Leda and Nash, Brattleboro, VT

How many people does your fridge need to feed?
Leda: The two of us, and what we make for our food truck. It’s called Dosa Kitchen: we specialize in dosas, fermented rice and lentil crepes that millions of south Indians eat every day. We serve them with different curries and chutneys, and we incorporate local foods, which is not too common in the ethnic food world.

What do you usually eat for breakfast?
Leda: I often cook ground lamb. Since there’s so much fat in it I can just throw in vegetables: I put in onions, greens; I like cauliflower because it’s substantial. Sometimes I’ll do chipotle chiles, sometimes fresh frozen coconut, sometimes fish sauce and lime juice.
Nash: I eat whatever Leda makes or anything leftover from the food truck the day before. Today we had eggs with last night’s noodles.
Leda: We mixed in lime juice, fish sauce, ground kaffir lime leaves, and chili. It’s our version of Thai laarb.

Is there anything you eat every day? 
Leda: I write cookbooks and test recipes for other people so we never know what we’re going to eat from one day to the next. But I drink tea every day.
Nash: Tea for me, too. And beer, in the summertime.

Every week?
Leda: Chicken curry leftovers from the truck—more than we’d like sometimes. And kimchi and sauerkraut. And ice cream.
Nash: Ice cream is important.
Leda: We’ve been making it for the food truck. And sometimes we buy Walpole ice cream from the Walpole Creamery nearby in New Hampshire.

What item are you forbidden from purchasing right now?
Leda: Factory farm meat and junk food—we don’t really buy much packaged food at all, nothing with high fructose corn syrup.
Nash: Sometimes I like to get my Indian cookies, which are loaded with glucose. They’re known as “baby cookies”; their real name is Parle-G. I grew up eating them. The ingredients are horrible.
Leda: I think the amount they make you happy offsets some of the bad ingredients.

What’s the most delicious thing in here?
Leda: The ice cream. If something was already made from this oxtail, or the stew beef, or the pierogies, then I might say that. But I’d have to make it.
Nash: Yea, ice cream.

The most disgusting?
Nash: Miso. I moved it to the other refrigerator so I see it less often. That fridge is mostly for food for the truck, this one is more for personal stuff or Leda’s projects. But this giant container in here is dosa batter, fermenting. I also hate coriander when it gets bad and we lose it in the fridge.
Leda: That’s the thing we lose most often.

The oldest?
Leda: The kimchi. We made that in March.

Anything you regret buying?
Leda: Well, we made too much kimchi for the truck. We only regret it because we’re running out of room. We don’t regret the actual making of it.
Nash: We definitely don’t regret it; we love it.

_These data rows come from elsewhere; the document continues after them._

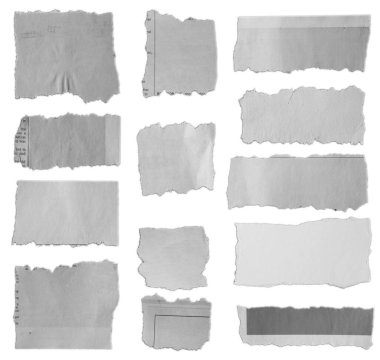 Thirteen pieces of torn paper on white background 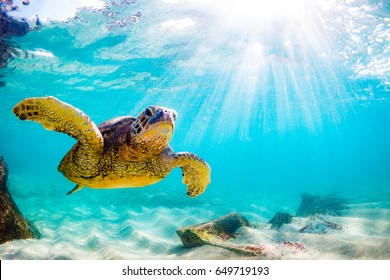 Endangered Hawaiian Green Sea Turtle Cruising in the warm waters of the Pacific Ocean in Hawaii - Shutterstock ID 649719193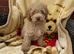 Toy poodle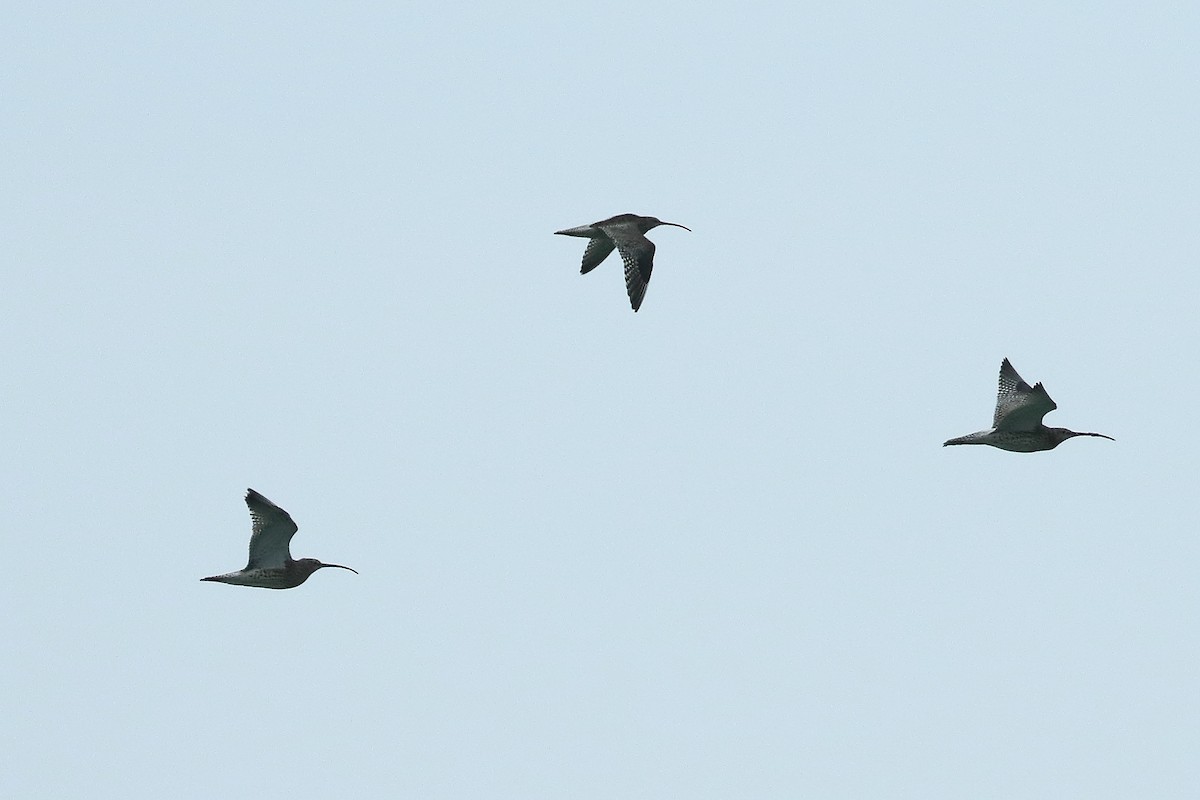 Eurasian Curlew - ML244934791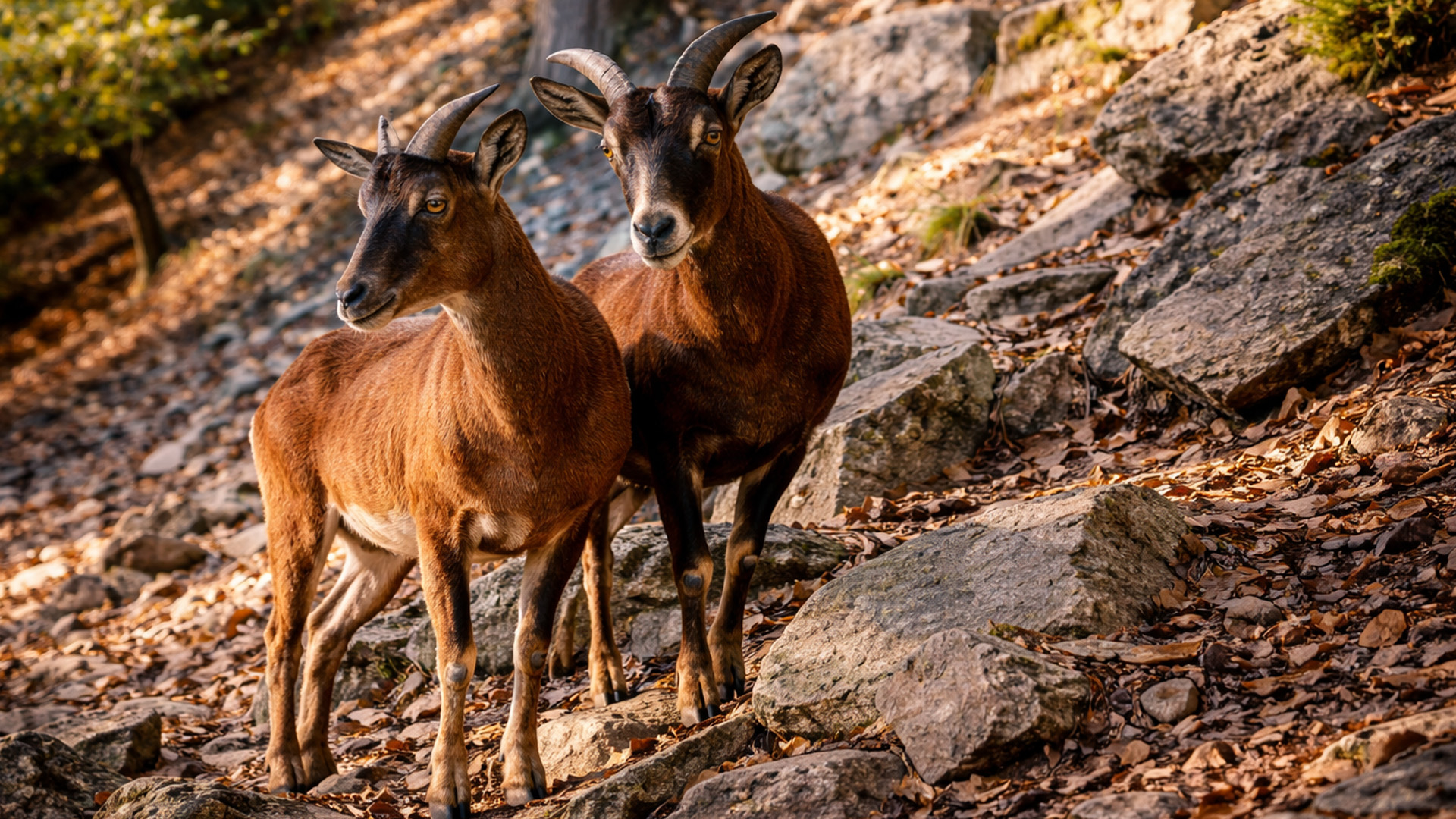 A week in the life of wild animals caught on camera in the forest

What's your guilty pleasure?
Leda: Ice cream. 

Where do you do most of your food shopping?
Leda: The food co-op, the farmer’s market, and directly from farms. And every couple of months we travel an hour and a half to get our Indian groceries for the truck. Every so often I have to order special ingredients online for something I’m recipe testing, like corn husks for tamales, or huitlacoche. When I lived in New York I just went to Kalustyan's for things like that.

How much do you spend on groceries each week?
Leda: About $200 (just for us, not for the truck). We buy really expensive food and food is also really expensive in Brattleboro. We try to buy things directly from farmers as much as possible to avoid the mark-up.

How often do you go grocery shopping?
Leda: Probably every other day. Nash does the shopping for the truck.

Is there anything in here that we would have found in your childhood fridge?
Leda: Butter, milk, cheese, yogurt, ice cream. I grew up vegetarian so there was no meat in my childhood fridge. I started eating meat about 18 years ago—I wanted to stay vegetarian but it didn’t work for my body. My mom was pretty shocked when I finally told her I wasn’t vegetarian any more.

What do you wish you had in here?
Leda: So many things! Thai basil, fresh green chilis, fresh curry leaves, and leftovers from all my favorite restaurants in New York.

Leda and Nash.JPG

Leda, 49, is the author of Cultured Foods for Your Kitchen: 100 Recipes Featuring the Bold Flavors of Fermentation and other cookbooks. She’s holding a jar of homemade kimchi. Nash, 36, is the owner of the Dosa Kitchen food truck, and he’s holding a carton of Walpole Creamery maple walnut ice cream. They live in Brattleboro, Vermont.